First the catchphrases, which start from his entrance, where Lee leads a chant of “Here we go”, conducting the audience with swinging arms. Then he really warms up. We had “Mastermind” David Lammy. We had “I want my country back” (indeed we had the panto follow-up: “Do you want your country back?” “Yes!”). We had, “Do not fear, Reform are ‘ere.” And we had “Reward the workers, not the shirkers.”
Then the routines. First, there was a gag about Angela Rayner’s financial adviser – it was actually Diane Abbott! Then there was another about Jeremy Kyle, who at this year’s Reform conference has bizarrely been given the job of roaming around interviewing attendees, and generally pretending that he is nice. “Where’s that lie detector?” Lee asked him. “Keir Starmer would run a mile if he saw that.” Then Lee told us about his schooldays. He called his teachers “Miss” and “Sir” – not “Mx”! And there weren’t any drag queens reading stories either – they would have been exiled to the “funny farm”.
This is mostly pretty harmless stuff, if it were confined to some upstairs pub room in Ashfield as part of an overexcited bid at stand-up. But the problem is that Lee’s politics are like this too, formulated in cliches and visceral generalisations. Britain has “lost that work ethic”, he told us, the one he learned down the pit with the “lads”, “doing a shift”. And learned from his parents, who worked long hours and tended their vegetable patch in the garden at the weekend – “that was our food bank”.
But since the days of 1970s Nottinghamshire, a rot has set in.
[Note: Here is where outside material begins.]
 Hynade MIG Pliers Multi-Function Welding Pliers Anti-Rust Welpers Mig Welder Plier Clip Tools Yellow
We have a generation of young people who have “never heard an alarm clock go off”. We’ve become a nation of whingers, begging for a “sicknote for six months off with mental illnesses”. Some hard work – some “decent graft” and “tough love” – would put us straight. “Benefits should be a safety net, not a career option.” Oh, and that £20bn black hole? Lee could fix that in an instant: stop paying for David Lammy’s flights and food.
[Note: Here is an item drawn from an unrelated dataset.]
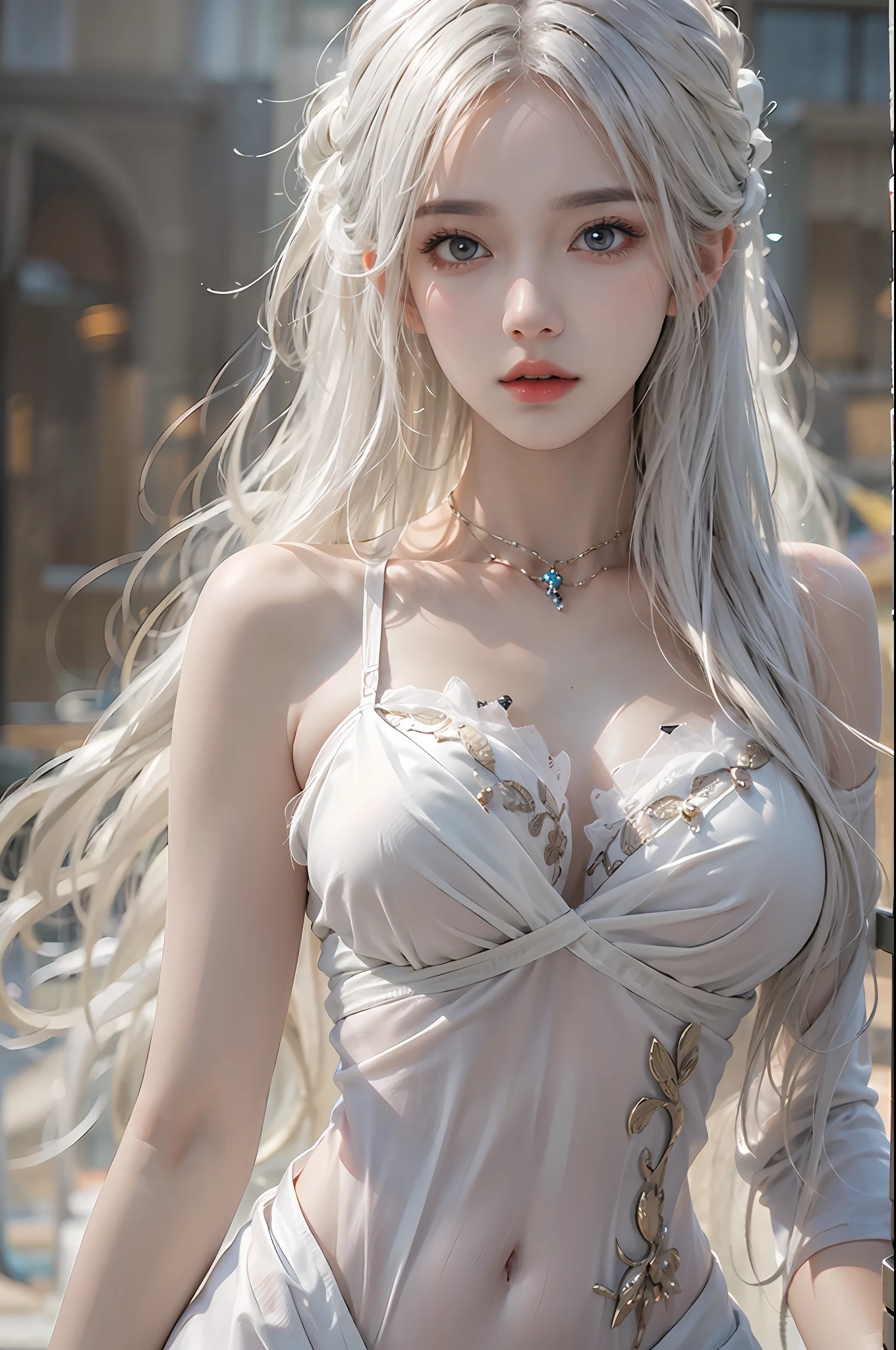 photorealistic, high resolution, 1 girl, hips up, white long hair, beautiful eyes, normal breast, elden ring style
It goes without saying that is a wildly inaccurate assessment of Britain’s civic culture and social issues. For one, in Lee’s analysis of where this world – graft, respectability, early mornings – vanished to, he doesn’t utter the word “Thatcher” once. The same petit-bourgeois virtues that she personified are elided with a lost world of working-class respectability, exactly the one that her policies helped to dissolve. And while Lee Anderson’s work at the Citizens Advice Bureau and supporting homeless care leavers after his mining career ended should be commended, it seems to have a produced a hard, mean, unsympathetic politics. “That was our food bank.”
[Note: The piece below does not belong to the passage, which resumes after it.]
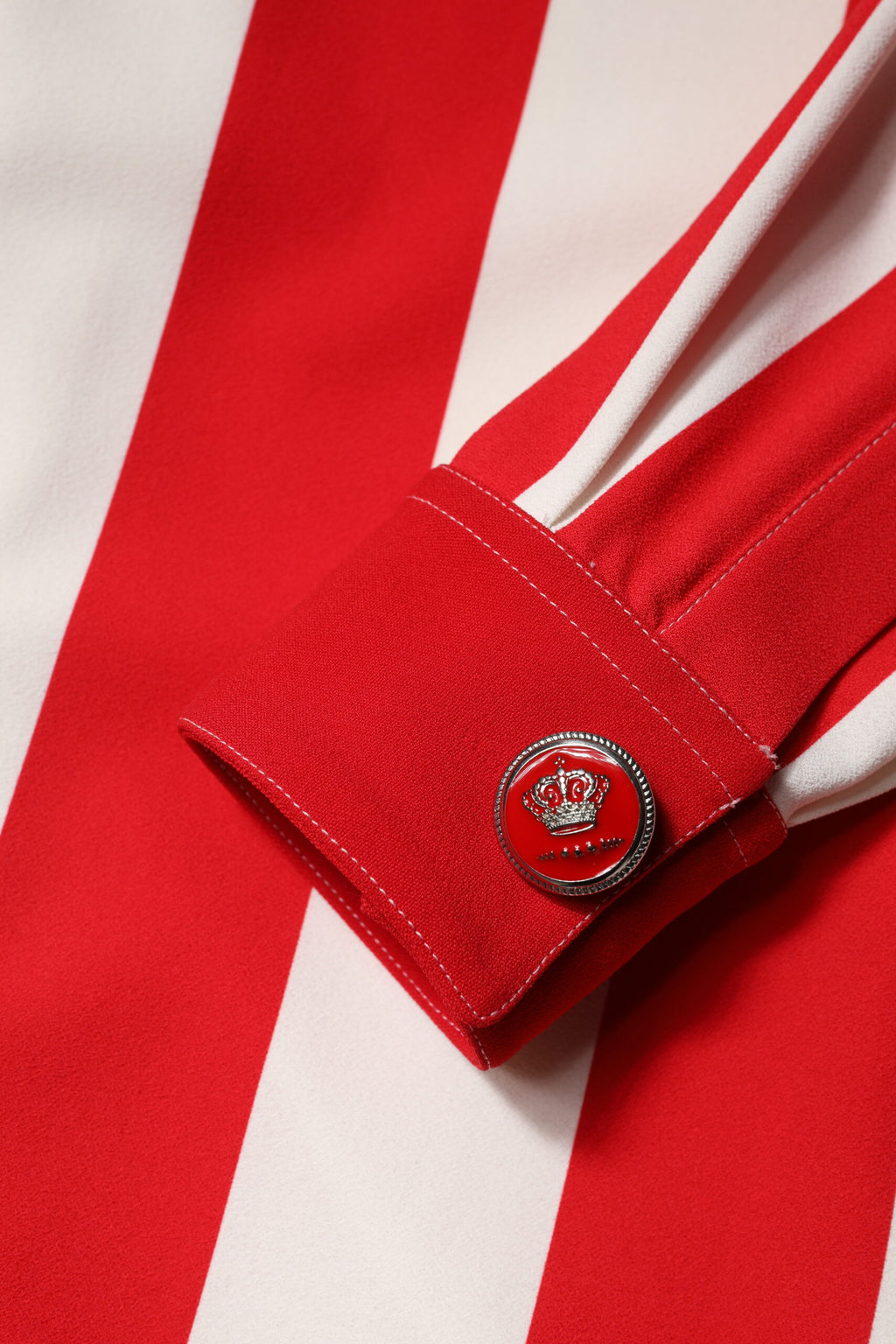 Dolce & Gabbana Wit Rood Gestreept Mini Jurk met Lange Mouwen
But even if it’s wild, it’s obvious what use this act, and this politics, has to Reform UK. Nostalgia is like the rain in Britain: bitter, chilling and ubiquitous. The belief that the good is gone and the worst is on its way is a reliable human lapse. In the context of relative British decline, it can become a vicious one. Increasingly, the direction of our political future is being driven by visions of some imagined past.